Bloß keine Fehler mehr. Möglichst kein falsches Wort. Nur keine überzogene Gestik oder ein Fluch bei noch angeschaltetem Mikrofon. Noch gut neun Wochen oder 66 Tage, dann wissen Annalena Baerbock, Armin Laschet und Olaf Scholz, was ihr Wahlkampf wert war. Hopp oder top? Was alle drei jetzt schon zu spüren bekommen haben: Wer ins höchste deutsche Regierungsamt will, darf als Kandidatin oder Kandidat auf der Strecke dahin möglichst keine Fehler machen.
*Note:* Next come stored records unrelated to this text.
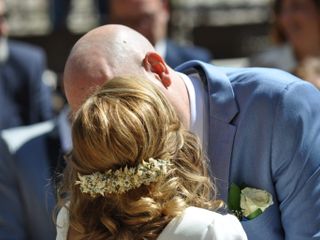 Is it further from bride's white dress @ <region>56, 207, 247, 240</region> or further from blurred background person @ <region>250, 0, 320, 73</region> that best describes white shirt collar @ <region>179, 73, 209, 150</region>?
blurred background person @ <region>250, 0, 320, 73</region>

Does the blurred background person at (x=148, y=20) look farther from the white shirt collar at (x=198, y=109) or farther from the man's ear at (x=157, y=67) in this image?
the man's ear at (x=157, y=67)

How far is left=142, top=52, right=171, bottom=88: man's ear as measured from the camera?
276 centimetres

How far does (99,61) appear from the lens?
2711mm

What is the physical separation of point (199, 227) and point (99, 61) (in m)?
0.68

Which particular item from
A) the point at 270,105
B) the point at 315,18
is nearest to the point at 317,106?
the point at 270,105

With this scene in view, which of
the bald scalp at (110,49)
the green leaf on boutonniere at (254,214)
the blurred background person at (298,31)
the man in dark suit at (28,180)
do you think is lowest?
the man in dark suit at (28,180)

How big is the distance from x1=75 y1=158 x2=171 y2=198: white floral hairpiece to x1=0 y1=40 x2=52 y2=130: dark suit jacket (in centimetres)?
385

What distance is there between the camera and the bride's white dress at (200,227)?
2.31 metres

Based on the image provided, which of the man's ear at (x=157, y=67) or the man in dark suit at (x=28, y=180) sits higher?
the man's ear at (x=157, y=67)

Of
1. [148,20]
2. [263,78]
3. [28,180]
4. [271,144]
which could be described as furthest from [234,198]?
[148,20]

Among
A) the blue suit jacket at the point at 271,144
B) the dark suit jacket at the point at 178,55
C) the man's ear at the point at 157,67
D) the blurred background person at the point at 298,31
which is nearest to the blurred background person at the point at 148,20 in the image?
the dark suit jacket at the point at 178,55

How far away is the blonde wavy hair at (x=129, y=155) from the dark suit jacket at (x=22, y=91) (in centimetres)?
382

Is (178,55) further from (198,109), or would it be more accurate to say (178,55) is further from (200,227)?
(200,227)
Baerbock, Laschet und Scholz sind schon jetzt nicht mehr ohne Schrammen. Unvollständige oder aufgehübschte Angaben im Lebenslauf haben die Kandidatur aller drei Bewerber belastet. Sie mussten nachsteuern, nachbessern, sich erklären – am stärksten Grünen-Herausforderin Baerbock, die sich auch noch Plagiatsvorwürfen wegen ihres Buches „Jetzt. Wie wir unser Land erneuern“ erwehren musste. Fehler im Quellenverzeichnis räumte sie ein. Fußnoten hätten gefehlt, aber es sei auch keine Doktorarbeit. Und überhaupt: „Niemand schreibt ein Buch allein.“

Unter Dauerbeschuss

Die digitale Welt mit ihren sozialen Netzwerken, die beinahe alles über jeden in Echtzeit verbreiten können, sind zur Herausforderung wie auch Stolperfalle für die Kandidaten geworden. Manche stolpern auch über die eigenen Beine. Sabine Kropp, Professorin vom Lehrstuhl „Politisches System der Bundesrepublik Deutschland“ an der Freien Universität Berlin, sagt dazu dem Tageblatt: „Kanzlerkandidaturen früher waren einfacher. Die Öffentlichkeit heute ist nicht nur aggressiver geworden, sondern auch aufmerksamer. Die Kandidaten können kaum noch einen Meter gehen, ohne dass ihr Verhalten oder auch ihre Mimik eingefangen wird im Foto oder Video. Das setzt eine ständige Konzentration und Disziplin voraus, die bei dem Dauerbeschuss, dem die Kandidaten ausgesetzt sind, kaum aufrechterhalten werden können. Eine fehlerfreie Kanzlerkandidatur ist so kaum möglich.“ Baerbock, Laschet und Scholz können jeweils ihr Lied davon singen.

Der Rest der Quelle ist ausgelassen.